‘Shut them down’: Mass. Rep. Moulton, Bay State pols weigh in on university protests

Protests college

Northeastern University Police remove and arrest protesters one by one at the tent encampment on campus in Boston on Saturday, April 27, 2024. Dozens of NU students and other protesters who set up tents with them on the NU campus were arrested by state, Boston and NU police. (John Tlumacki/The Boston Globe via AP)AP

(*This story was updated at 4:52 p.m. on Monday, April 29, 2024, with additional reporting.)

U.S. Rep. Seth Moulton isn’t mincing words when it comes to the pro-Palestinian protests that have rocked college and university campuses across Massachusetts over the last two weeks.

He wants them shut down.

“We live in a country that values freedom of speech,” Moulton, D-6th District, said during an appearance on NBC-10′s “@Issue” program on Sunday.

“But these protests in many cases have threatened the safety of Jewish students,” Moulton continued. “They’ve completely disrupted the operation of universities, preventing all the other kids from being able to go to school. So, the universities have a right, and I would argue in this case, even a responsibility to shut them down.”

The nationwide campus protests began as a response by some students to Israel’s offensive in Gaza after the terrorist group Hamas launched a deadly attack on southern Israel on Oct. 7.

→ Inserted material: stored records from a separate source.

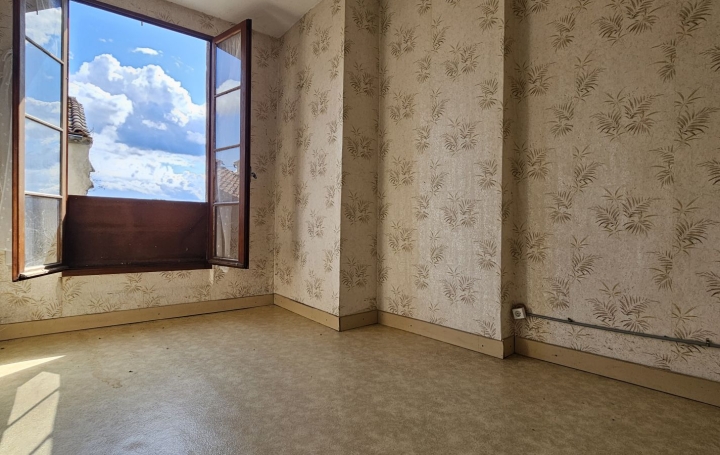 Maison de village PORT-SAINTE-MARIE (47130)  112 m2 50 000 € 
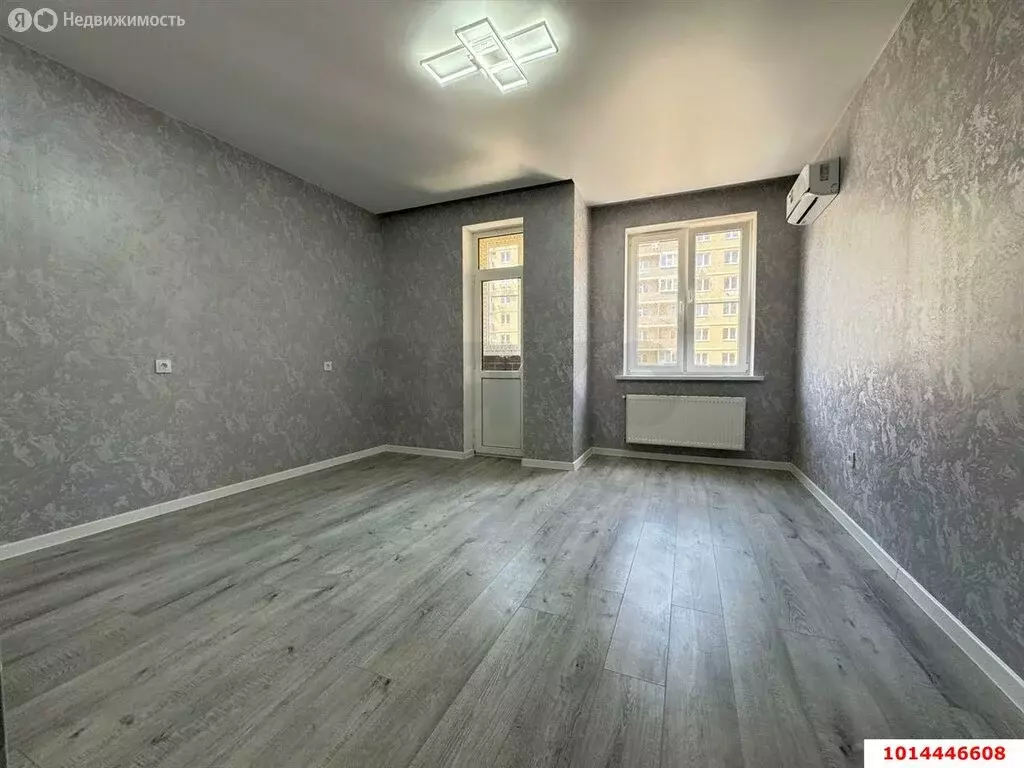 Квартира-студия: Краснодар, улица Лётчика Позднякова, 2к23 (27 м) - Фото 1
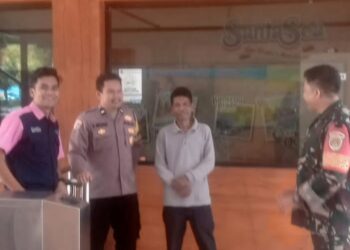Sinergitas TNI-POLRI Bhabinkamtibmas Kel. Gedongpanjang  bersama Babinsa Patroli dialogis dan sambang Warga Binaan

Militants killed about 1,200 people, most of them civilians, and took roughly 250 hostages. Vowing to stamp out Hamas, Israel has killed more than 34,000 Palestinians in the Gaza Strip, according to the Hamas-run Gaza Health Ministry, which does not distinguish between civilian and combatant deaths.

Israel and its supporters have branded the university protests as antisemitic, while critics of Israel say it uses such allegations to silence opponents.

Although some protesters have been caught on camera making antisemitic remarks or violent threats, organizers of the protests, some of whom are Jewish, say it is a peaceful movement aimed at defending Palestinian rights and protesting the war, MassLive previously reported.

The protests have since rippled across campuses throughout the state and country.

Senior leaders at Tufts University and the Massachusetts Institute of Technology have called for an end to the encampments that have paralyzed their respective campuses, even as they’ve focused national attention on a burgeoning student protest movement.

Meanwhile, the president of Emerson College has the school will not take disciplinary action against students arrested as part of a pro-Palestinian protest encampment that was dispersed by Boston police last week, MassLive previously reported.

And on Saturday, police arrested about 100 people at Northeastern University as they broke up a pro-Palestinian protest encampment that formed earlier this week, according to the university and state police.

In an interview with WBZ-TV in Boston, Massachusetts Senate President Karen Spilka, D-Middlesex/Norfolk, said she “firmly believes” the students have a constitutional right to freedom of speech and to protest.

In a statement, Massachusetts Republican Party Chairperson Amy Carnevale called on colleges and universities to “to swiftly dismantle these hateful protests and to levy appropriate consequences for those involved in fostering a hostile and discriminatory environment for Jewish and pro-Israel students.”

The protests statewide have “flagrantly violated numerous guidelines and rules set forth by these colleges and universities,” Carnevale continued.

“While the MassGOP holds the First Amendment in the highest regard, it’s evident that many aspects of these protests egregiously exceed the protections afforded by students’ First Amendment rights,” she said. “Instead, they have led to harassment and the creation of an unsafe environment for Jewish and pro-Israel students.”

“But you know, like anything else, people should be obeying the laws and, if they’re infringing on ingress and egress and other things, and were told as I understand it, of what the rules were,” Spilka, who is Jewish, said.

Speaking to WCVB-TV’s “On the Record” program on Sunday, U.S. Rep. Stephen Lynch, D-8th District, who is among the lawmakers who have called for a cease-fire, said “the protests seem to embody threats as well, especially to Jewish students.

The South Shore Democrat, who voted in favor of a massive foreign aid package that included help for Israel, said he’s had “kids in my district complain about the fact that they’ve had to take the mezzuzehs down off their off ... their door jambs so that they wouldn’t be identified as Jewish.”

The students are “fearful,” Lynch continued, musing that “there’s something different going on here. This is not [like] previous protests. That was a protest against an idea or an action. This is, actually, a protest where there are victims on campus, as well as aggressors on campus.”

In a statement released late last week, U.S. Rep. Ayanna Pressley, D-7th District, said she believed “every student, regardless of background or faith, has a right to feel safe and show up in the world without fear or discrimination — and we must ensure that those exercising their right to free speech are met with dignity and respect, not criminalization.”

The Boston lawmaker, who has been in the vanguard of the ceasefire movement, added that she had been “deeply concerned about misinformation that aims to undermine this movement, outside agitators that detract from peaceful solidarity actions, and the aggressive response by law enforcement to students peacefully protesting across the country.”